At Armory, we've talked to over 150 prospective customers since starting the company just five months ago. We have learned from them and found consistent pain points across multiple customers that we are addressing as we build the product. Importantly, we didn't write a single line of code until we'd completed 100 customer conversations. And I don't just mean quick conversations -- I mean thirty to sixty minute deep dives with the target customers, where all the founders took copious notes, dissected the responses after the call, and looked for patterns across calls. We'd often ask if we could record the call and then re-listen to it to ensure we didn't miss anything the first time.
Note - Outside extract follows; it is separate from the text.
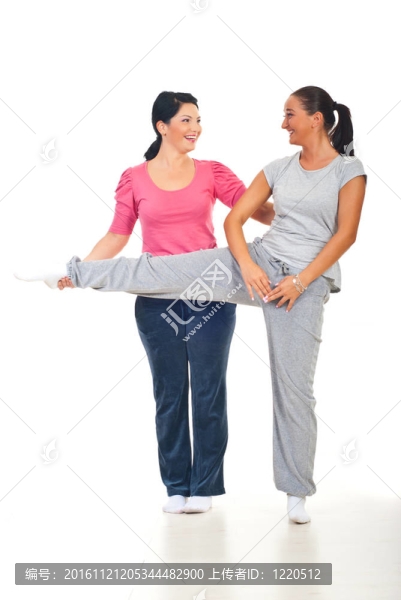 女子與私人教練笑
It's an intense process, something I've never done before in any previous startups, and it's an approach championed by co-founder Ben Mappen, our Chief Product Officer.

For example, here's something we learned in our first month that surprised me:

The Armory team increased deployment frequency by over 300x at a previous company where we worked together and we experienced how incredibly valuable it was to deploy faster. Faster deployments led to happier engineers because they could actually see their code running in production, it led to us working on parts of the codebase that hadn't been touched in a long time because there was less friction to actually ship an update, and it enabled the executive team to focus on getting an entirely new line of business started. In short, when we started Armory, we were sure that velocity would matter to every company because we knew how transformational it had been for us, and we were excited about starting a company to bring deployment velocity to other enterprises.
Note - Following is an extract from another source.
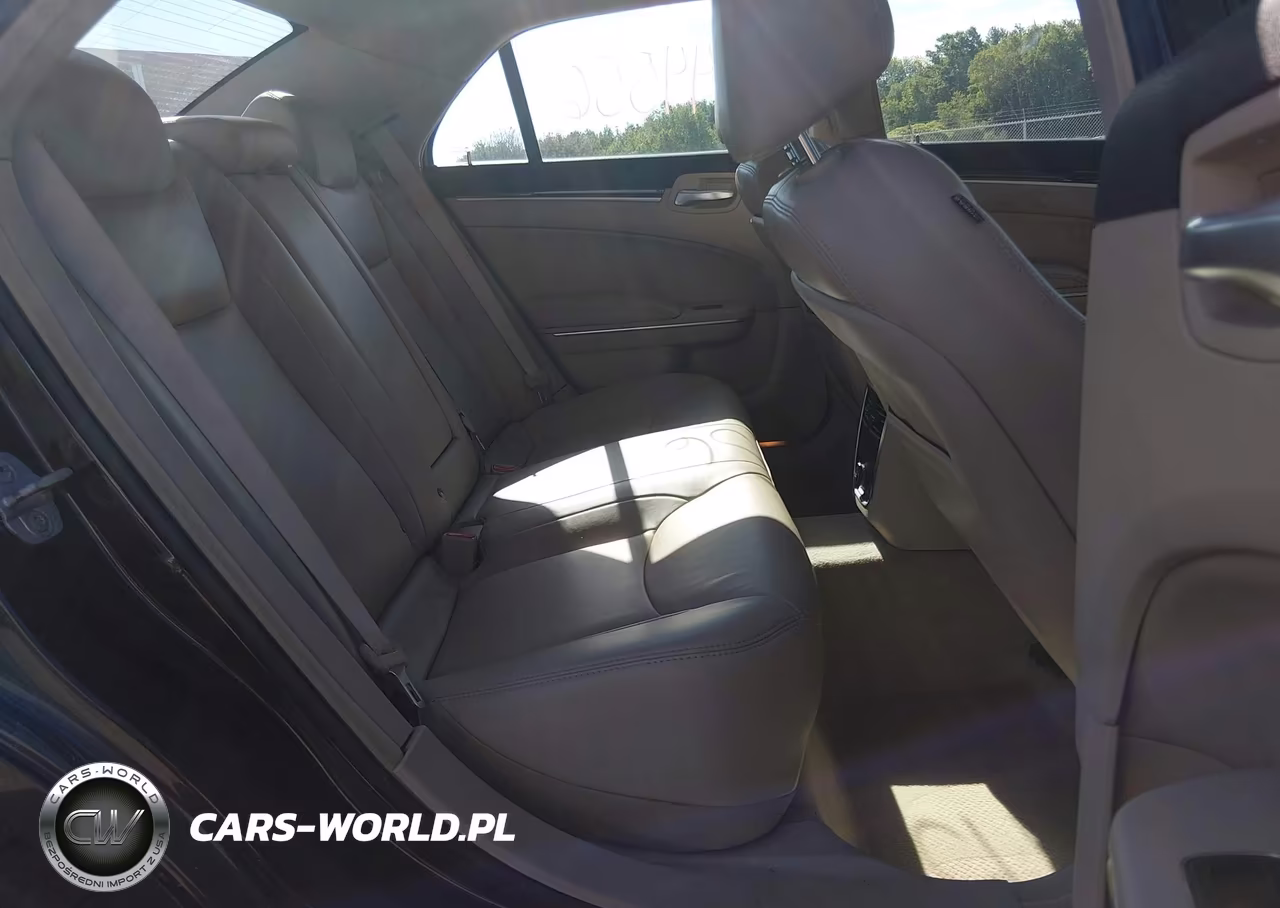2012 Chrysler 300 Limited VIN:2C3CCACG9CH174494 - 8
But after talking to our first 100 prospective customers, we realized that what they are really looking for isn't velocity, it's safety. For much of the Global 2,000, software deployments are really scary. In some cases, prospective customers told us about how they still deploy software by taking their website down for planned maintenance, getting everyone in a room, pressing the "deploy" button, and literally crossing their fingers in the hopes that the new deployment didn't break anything. They do this on a Friday night so it affects as few customers as possible. But that means when something goes wrong, their team has to work over the weekend to resolve the issues. These companies are so scared of deploying software that they are literally turning their service off, ensuring the end user can't even access their service during an update, and then affecting employee morale by making them clean the mess up on the weekend!

So while as Armory founders, we were passionate about the velocity enabled by continuous software deployments, our prospective customers just wanted to be able to deploy with safety and reliability. If we hadn't teased that out at the beginning, we would have been solving the wrong problem -- one that did not yet resonate with our target customer. In fact, deploying faster is just about the last thing you want when you can't even deploy safely and with confidence today. And even though we know that once we can help our customers deploy more safely, they will then become interested in deploying with more velocity, our job is to listen to, and solve for, their urgent needs today.

It's hard to overstate the impact of this learning we teased out of our first 100 conversations. We are literally building a different company because of it. We thought we knew the problem we wanted to solve, but building the product around the customer taught us that we didn't.

If there's one opportunity I see large companies waste the most, it's usually this one. Established companies have a customer base they can learn from, but many of them have unhappy customers that feel unheard. It's the biggest irony because as a startup founder you desperately wish you could have actual customers to talk to, and yet large companies squander opportunities to innovate, often because they have existing revenue streams to protect, and innovating can mean disrupting their existing lines of business.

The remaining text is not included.